Spacetime Continuum - "Only One Sky" - (6:02) 125 BPM
Scanner - "Mothlit" - (6:42) 117 BPM
Ross 154 - "Eath To Our Freinds" - (8:03) 134 BPM
Leo Anibaldi - "Crion" - (5:08) 139 BPM
Review: While a cynic might argue that De:tuned's tenth anniversary celebrations have been more prolonged than Liberace's last party, it has nonetheless resulted in some truly unforgettable electronic music being issued. Here, the selection moves from Spacetime Continuum's atmospheric ambient techno on "Only One Sky" and the dreamy textures of Ross 154's "Eath To Our Freinds" [sic] before a slightly darker and more ominous approach prevails on the slow, nightmarish beats of Scanner's "Mothlit". Closing out this seventh instalment of De:tuned's tenth anniversary celebrations is a more mellow piece - the loose drums and dreamy melodies of Leo Anibaldi's "Crion".
Review: Usually, De:tuned puts out reissues, so Communion marks something of a departure for the label.

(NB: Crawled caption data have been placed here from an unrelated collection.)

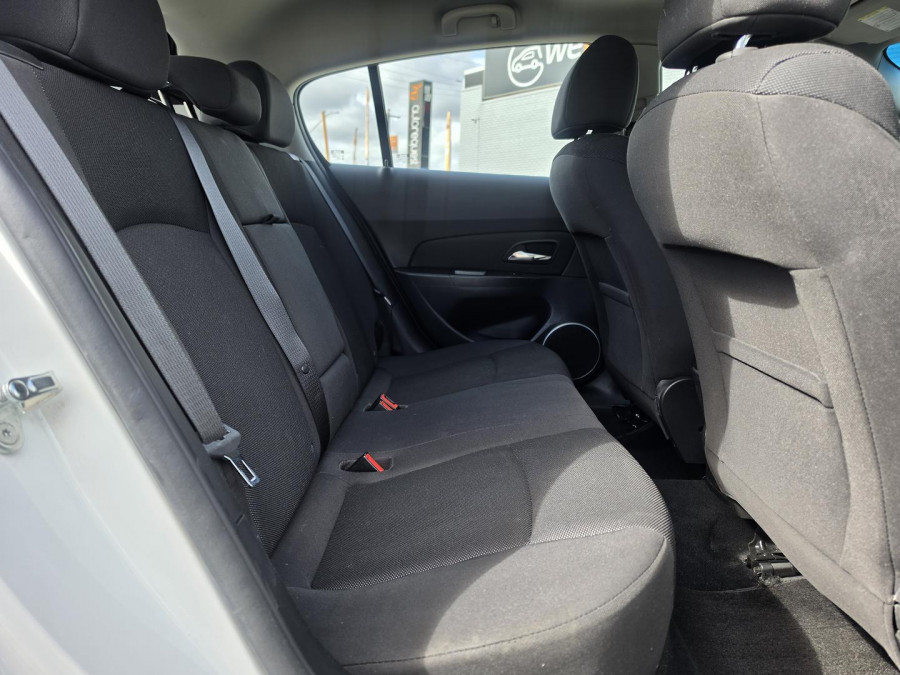2012 MY13 Holden Cruze JH Series II CD Hatch Image 16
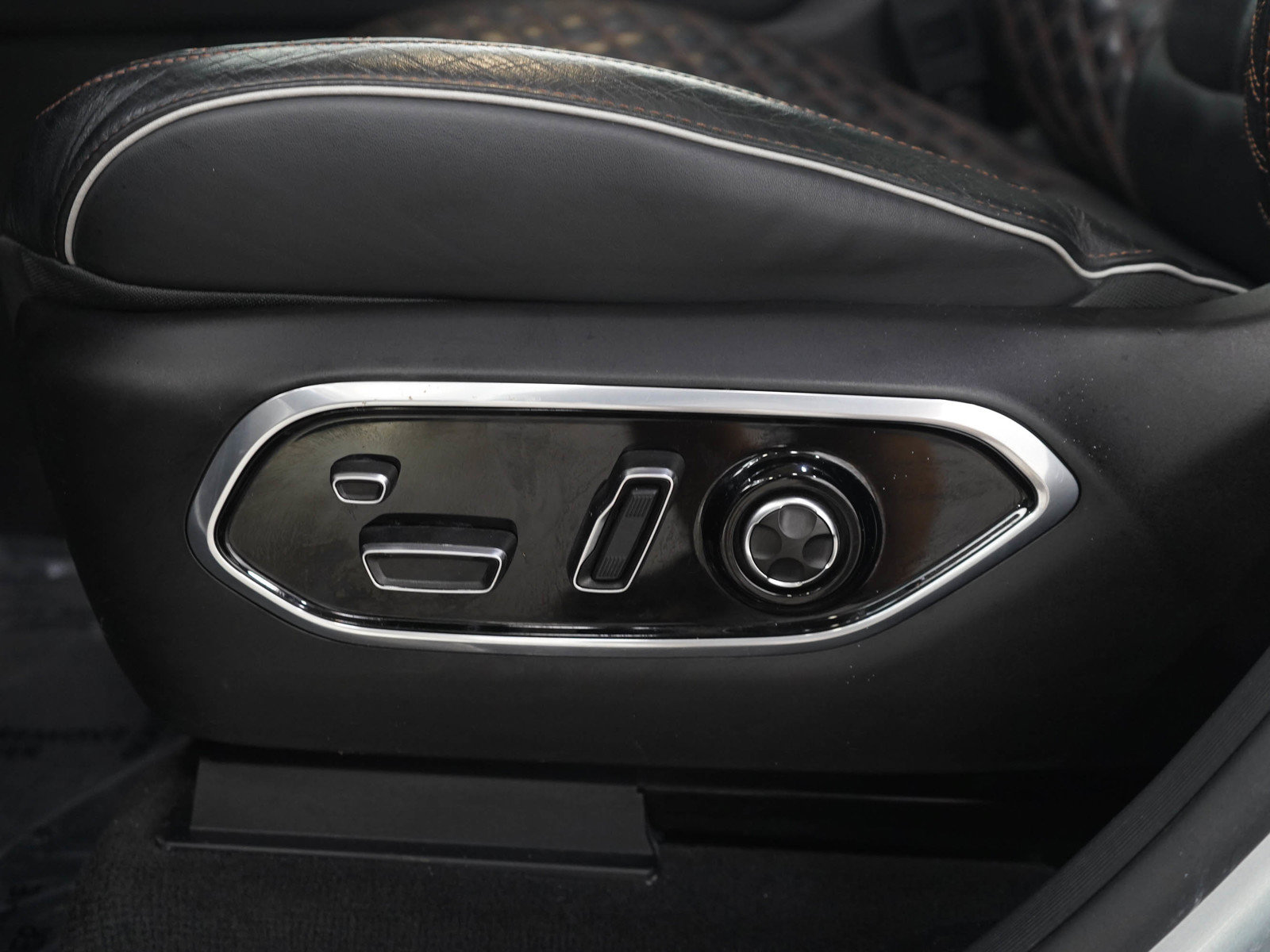 Used 2023 Jeep Grand Cherokee L Summit AWD/4WD image 25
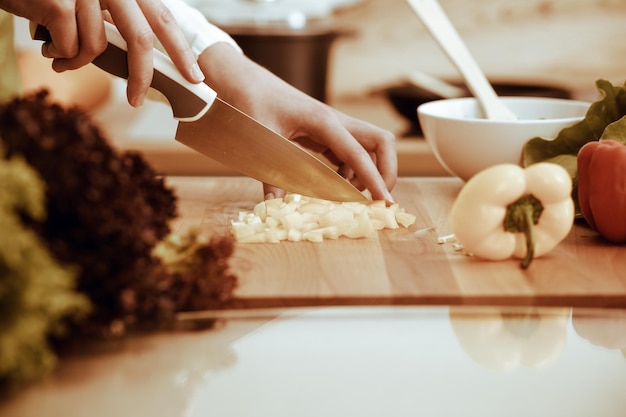 Ruky pripravujú jedlo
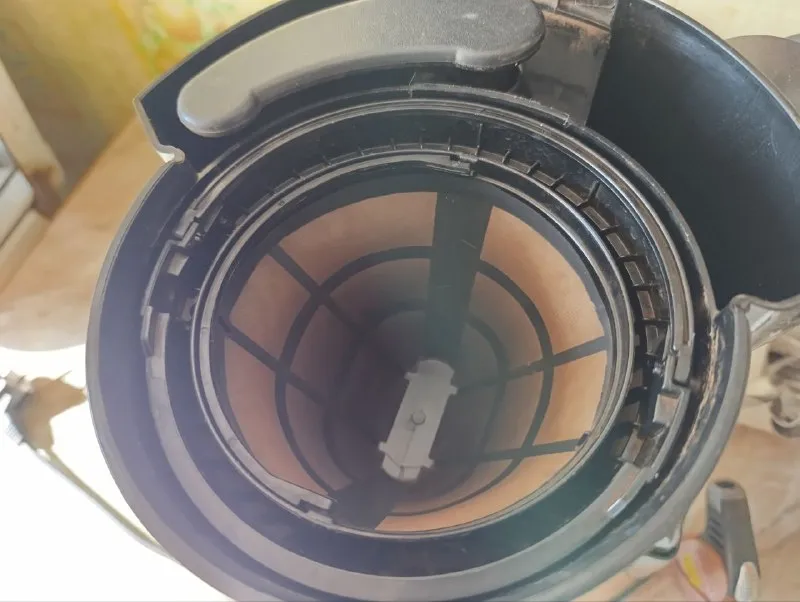 Описание: капельная кофеварка phillips, в хорошем состоянии, рабочая, есть небольшие потёртости, маленькая царапина. есть функция, задать время начала варки. в подарок отдам новый фильтр, для кофе. коробки нет цена: 3500 руб. 📲 tg: -lite- 📞🇷🇺звоните: +79490397303 барахолка днр - фотография - 5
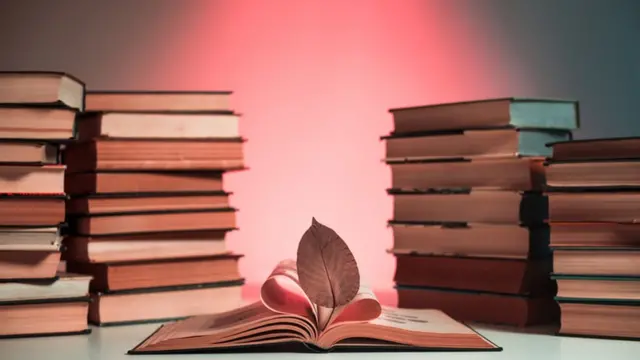 પ્રતીકાત્મક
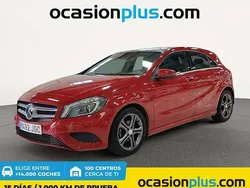 Rojo Usado 2015 Mercedes A180 Urban Utilitario | 16.500 € (Un poco caro)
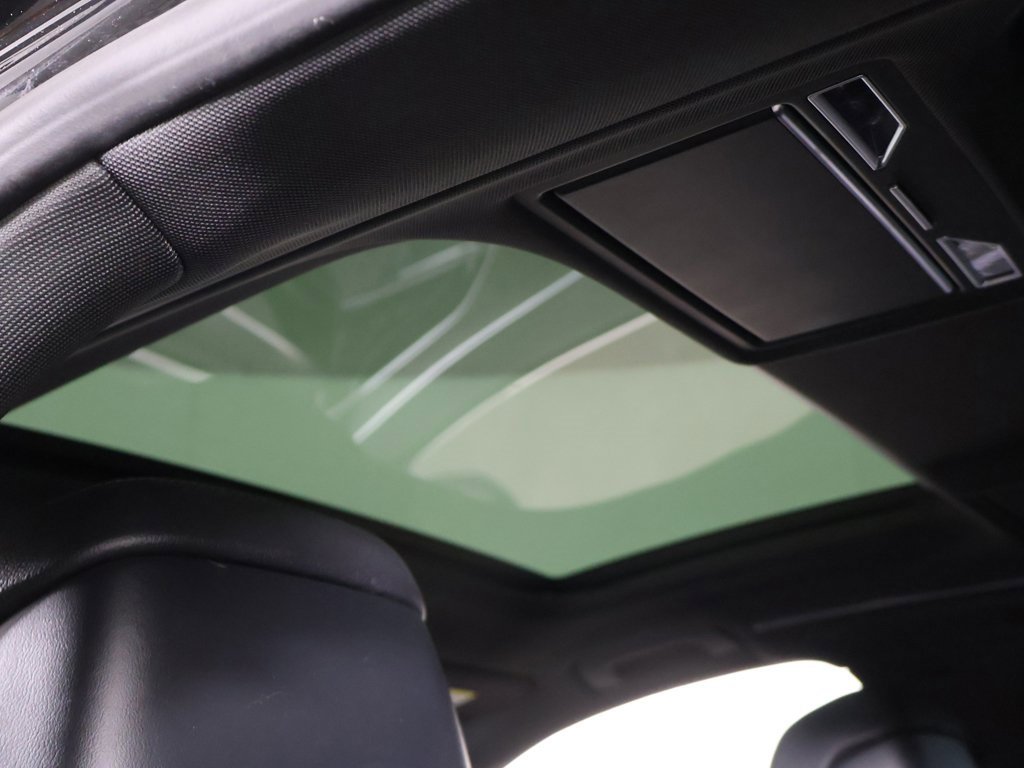 Used 2024 Audi A8 L 3.0T w/ Executive Package image 19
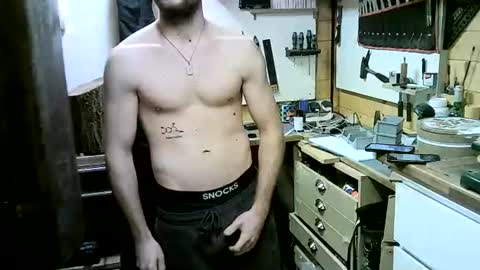 wolf021221 online show from November 2025 04:56:01 PM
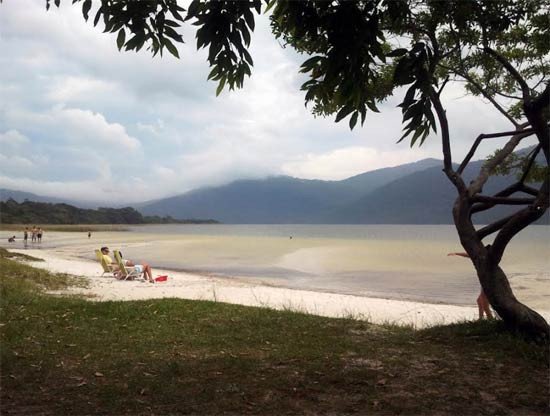 Lagoa de Peri, cerca de Armaçao, en el distrito de Pantano do Sul, Florianópolis. Imagen de Guiarte.com.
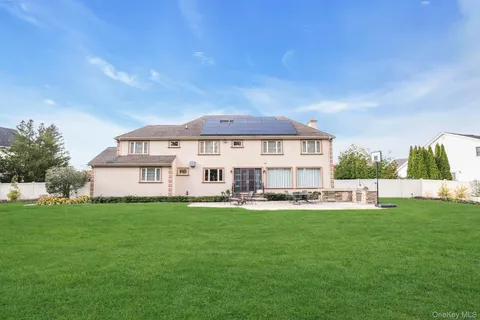 $2,850,000 | 108 Fig Drive, Dix Hills, NY 11746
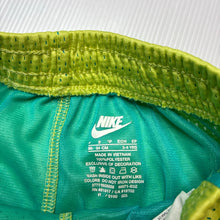 Load image into Gallery viewer, Unisex Nike, sports / activewear shorts, elasticated, GUC, size 3-4,  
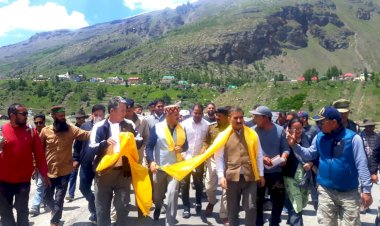 चंद्र ताल का हवाई सर्वेक्षण करने के बाद..... मुख्यमंत्री बोले चंद्र ताल में हालात मुश्किल भरे.......293 के करीब लोग फंसे हुए हैं....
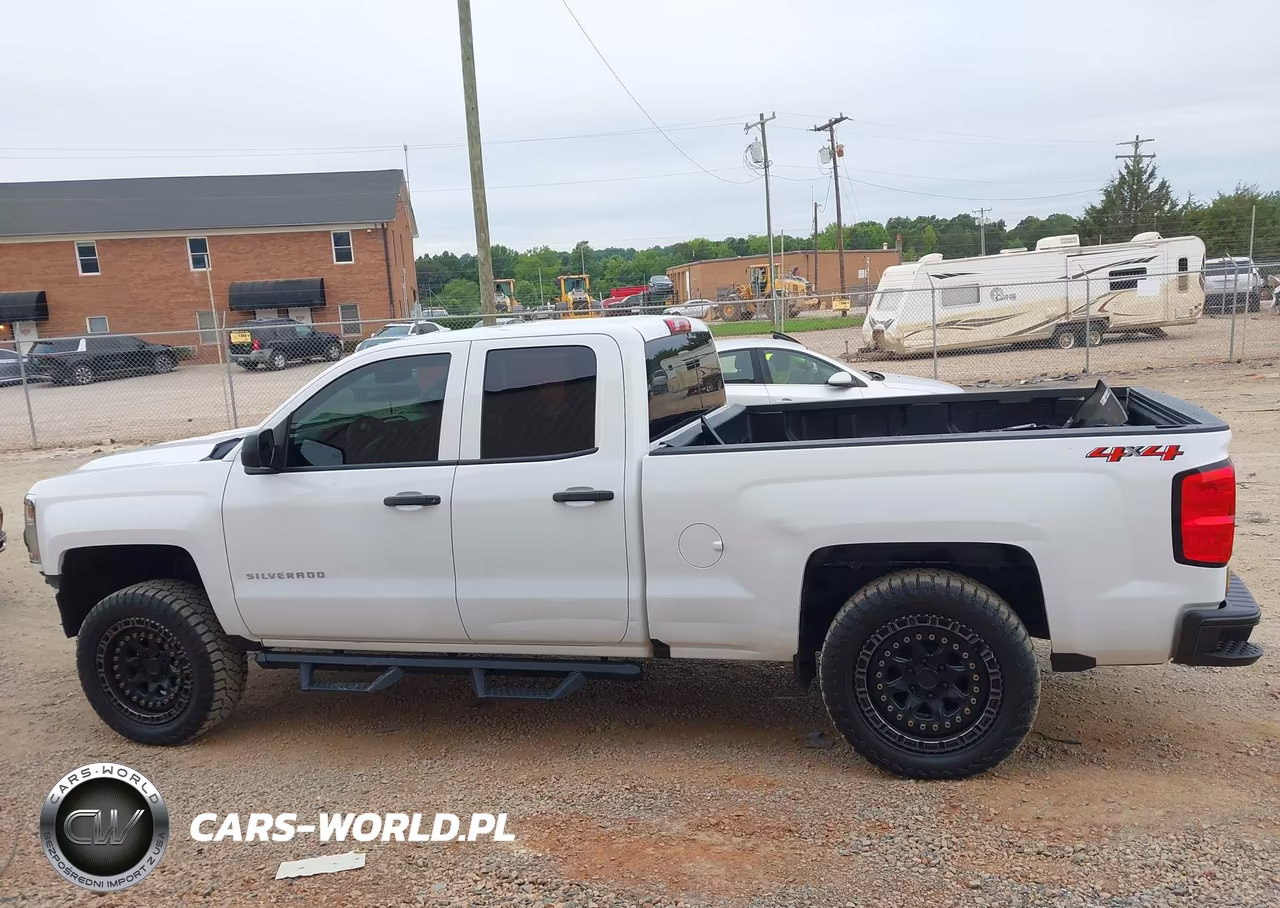 2018 Chevrolet Silverado 1500 Work Truck VIN:1GCVKNEH2JZ353090 - 14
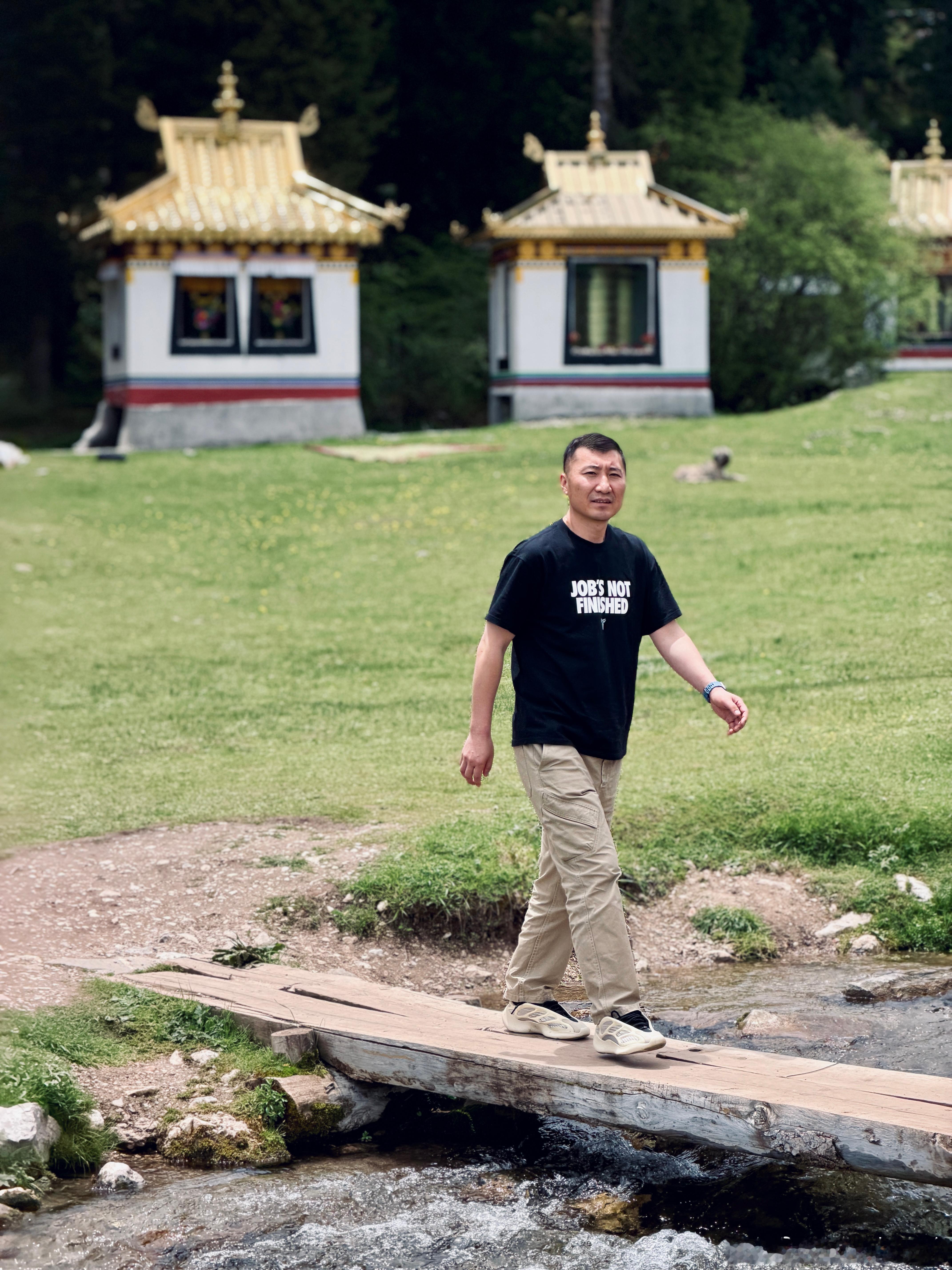 这个世上比起想象中“更好的路”，只有一条最好的路，就是你选了之后把它走下去的那条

It's Kirk Degiorgio's first studio album in 15 years under the As One project, and as befits its heritage, it's a gloriously widescreen affair. There's the dreamy ambience of "Absorption Spectra" and both "Downburst" and "Irimias" fuse similar sound scapes with brittle electro back beats. "The Ladder" sees Degiorgio push farther in the Detroit techno direction, guided on the way by out space blips, while the serene "Aimpoint" is redolent of the deeper than deep ambient-techno sound he explored on the classic As One album, Reflections. It's a timeless work.